T-Mobile will pay a $17.5 Million fine to settle with the U.S. Federal Communications Commission for two separate but related outages to 911 emergency dials last year.
The Outages in August of last year were nationwide, and left almost all of T-Mobile’s 50 million customers in the dark. These outages left T-Mobile customers unable to contact the emergency response centers via 911 dialed for 3 hours. It is not known how many customers attempted to call 911 during the blackout.
After the fallout, and the FCC Enforcement Bureau found T-Mobile did not provide timely notification of the outages to 911 call centers. Even more interesting, a follow up investigation found that the outages could have been avoided had the company implemented safeguards in its 911-network architecture.
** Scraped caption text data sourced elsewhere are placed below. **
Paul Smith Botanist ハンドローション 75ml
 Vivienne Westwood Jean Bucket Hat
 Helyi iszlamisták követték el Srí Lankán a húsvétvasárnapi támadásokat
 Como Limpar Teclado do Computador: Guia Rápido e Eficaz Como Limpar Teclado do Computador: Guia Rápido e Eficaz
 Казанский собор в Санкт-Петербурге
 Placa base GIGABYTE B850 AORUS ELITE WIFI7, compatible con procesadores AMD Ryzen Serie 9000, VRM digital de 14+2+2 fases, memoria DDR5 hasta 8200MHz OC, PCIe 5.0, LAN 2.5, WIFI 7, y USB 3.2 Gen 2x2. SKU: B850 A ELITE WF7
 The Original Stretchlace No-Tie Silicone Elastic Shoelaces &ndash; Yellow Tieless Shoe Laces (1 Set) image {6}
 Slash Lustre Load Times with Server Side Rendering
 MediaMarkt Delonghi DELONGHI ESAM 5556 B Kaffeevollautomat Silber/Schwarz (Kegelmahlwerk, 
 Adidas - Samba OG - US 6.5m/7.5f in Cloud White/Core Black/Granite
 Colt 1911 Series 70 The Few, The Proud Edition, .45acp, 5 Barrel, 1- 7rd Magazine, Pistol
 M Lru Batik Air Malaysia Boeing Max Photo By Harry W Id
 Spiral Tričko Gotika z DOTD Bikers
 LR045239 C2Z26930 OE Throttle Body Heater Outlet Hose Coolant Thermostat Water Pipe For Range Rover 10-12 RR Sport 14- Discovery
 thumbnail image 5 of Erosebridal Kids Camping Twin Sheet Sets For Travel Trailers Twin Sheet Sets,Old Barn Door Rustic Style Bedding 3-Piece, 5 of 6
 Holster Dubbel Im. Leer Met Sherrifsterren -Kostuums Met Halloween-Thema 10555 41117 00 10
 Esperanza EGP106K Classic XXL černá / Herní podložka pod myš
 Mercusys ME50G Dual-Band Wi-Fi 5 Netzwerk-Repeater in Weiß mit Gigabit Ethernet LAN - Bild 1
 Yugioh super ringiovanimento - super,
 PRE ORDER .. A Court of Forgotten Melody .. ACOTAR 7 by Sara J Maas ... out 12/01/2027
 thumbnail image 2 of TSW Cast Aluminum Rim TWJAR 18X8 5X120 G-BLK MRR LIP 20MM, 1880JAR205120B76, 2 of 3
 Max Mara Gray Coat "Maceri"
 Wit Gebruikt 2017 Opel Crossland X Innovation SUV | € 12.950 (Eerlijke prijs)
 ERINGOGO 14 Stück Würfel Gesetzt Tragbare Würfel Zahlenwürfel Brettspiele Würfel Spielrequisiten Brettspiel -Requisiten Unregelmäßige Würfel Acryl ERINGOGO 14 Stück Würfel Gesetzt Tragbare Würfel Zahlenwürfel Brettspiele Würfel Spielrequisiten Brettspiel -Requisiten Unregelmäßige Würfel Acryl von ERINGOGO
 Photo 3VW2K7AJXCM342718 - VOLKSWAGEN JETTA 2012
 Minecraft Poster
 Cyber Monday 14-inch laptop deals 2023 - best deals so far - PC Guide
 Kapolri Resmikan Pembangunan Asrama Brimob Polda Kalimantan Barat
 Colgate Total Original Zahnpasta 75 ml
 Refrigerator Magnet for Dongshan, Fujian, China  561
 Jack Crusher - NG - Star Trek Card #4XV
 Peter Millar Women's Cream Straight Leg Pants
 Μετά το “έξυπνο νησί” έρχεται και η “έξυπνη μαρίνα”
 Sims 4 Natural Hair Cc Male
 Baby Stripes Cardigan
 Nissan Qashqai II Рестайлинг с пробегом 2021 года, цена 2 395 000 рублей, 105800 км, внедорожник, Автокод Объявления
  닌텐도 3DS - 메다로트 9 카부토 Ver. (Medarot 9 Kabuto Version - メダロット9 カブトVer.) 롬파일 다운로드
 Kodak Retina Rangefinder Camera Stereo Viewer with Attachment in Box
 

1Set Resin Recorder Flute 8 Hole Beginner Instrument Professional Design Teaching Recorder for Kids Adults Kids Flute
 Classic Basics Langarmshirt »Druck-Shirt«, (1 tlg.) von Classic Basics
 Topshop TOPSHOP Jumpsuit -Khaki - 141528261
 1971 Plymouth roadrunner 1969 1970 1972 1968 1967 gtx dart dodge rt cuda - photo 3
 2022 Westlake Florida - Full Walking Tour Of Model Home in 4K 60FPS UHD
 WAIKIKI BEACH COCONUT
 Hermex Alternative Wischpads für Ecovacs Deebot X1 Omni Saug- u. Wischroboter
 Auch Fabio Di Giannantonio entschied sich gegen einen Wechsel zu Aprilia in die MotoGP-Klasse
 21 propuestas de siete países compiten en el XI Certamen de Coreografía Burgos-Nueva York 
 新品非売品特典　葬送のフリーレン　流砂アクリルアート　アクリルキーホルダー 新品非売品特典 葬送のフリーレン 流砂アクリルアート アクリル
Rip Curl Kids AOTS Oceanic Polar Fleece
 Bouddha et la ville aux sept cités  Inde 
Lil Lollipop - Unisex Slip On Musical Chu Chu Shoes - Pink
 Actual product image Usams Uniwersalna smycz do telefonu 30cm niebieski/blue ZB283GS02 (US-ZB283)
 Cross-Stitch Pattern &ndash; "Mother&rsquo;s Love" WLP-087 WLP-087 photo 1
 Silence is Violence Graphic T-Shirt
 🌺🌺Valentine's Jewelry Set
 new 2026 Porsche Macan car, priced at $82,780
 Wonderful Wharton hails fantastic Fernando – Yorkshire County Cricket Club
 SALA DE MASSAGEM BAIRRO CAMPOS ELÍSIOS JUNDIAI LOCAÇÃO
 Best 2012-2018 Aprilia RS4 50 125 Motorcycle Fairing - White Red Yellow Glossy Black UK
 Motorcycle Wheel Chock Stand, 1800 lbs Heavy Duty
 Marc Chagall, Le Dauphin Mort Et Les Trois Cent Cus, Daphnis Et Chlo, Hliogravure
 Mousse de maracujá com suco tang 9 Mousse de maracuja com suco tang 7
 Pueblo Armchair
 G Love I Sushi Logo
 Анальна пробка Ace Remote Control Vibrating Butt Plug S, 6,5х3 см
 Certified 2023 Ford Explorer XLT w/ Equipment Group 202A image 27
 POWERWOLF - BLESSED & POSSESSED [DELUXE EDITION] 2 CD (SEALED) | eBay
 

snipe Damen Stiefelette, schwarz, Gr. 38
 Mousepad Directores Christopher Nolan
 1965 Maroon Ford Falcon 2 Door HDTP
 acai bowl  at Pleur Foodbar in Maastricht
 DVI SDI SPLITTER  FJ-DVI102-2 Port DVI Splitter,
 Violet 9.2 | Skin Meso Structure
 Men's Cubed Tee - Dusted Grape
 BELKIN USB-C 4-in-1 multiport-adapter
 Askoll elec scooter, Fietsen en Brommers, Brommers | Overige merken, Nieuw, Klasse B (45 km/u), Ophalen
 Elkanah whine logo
The settlement will now require T-Mobile to develop new processes to identify risks that could result in future disruptions to emergency call center services. FCC Chairman Tom Wheeler laid a strong hand during his press release stating, “Communications providers that do not take necessary steps to ensure that Americans can call 911 will be held to account.”
True to his word, other providers have also come under fire, as T-Mobile is not the only communications network with structural deficiencies. Just this year, three other companies have been fined by the FCC, including a $3.4 million settlement with rival company Verizon, for the same outage in March. Proper compliance to ensure adequate service is crucial for businesses, and the FCC has no qualms ensuring it.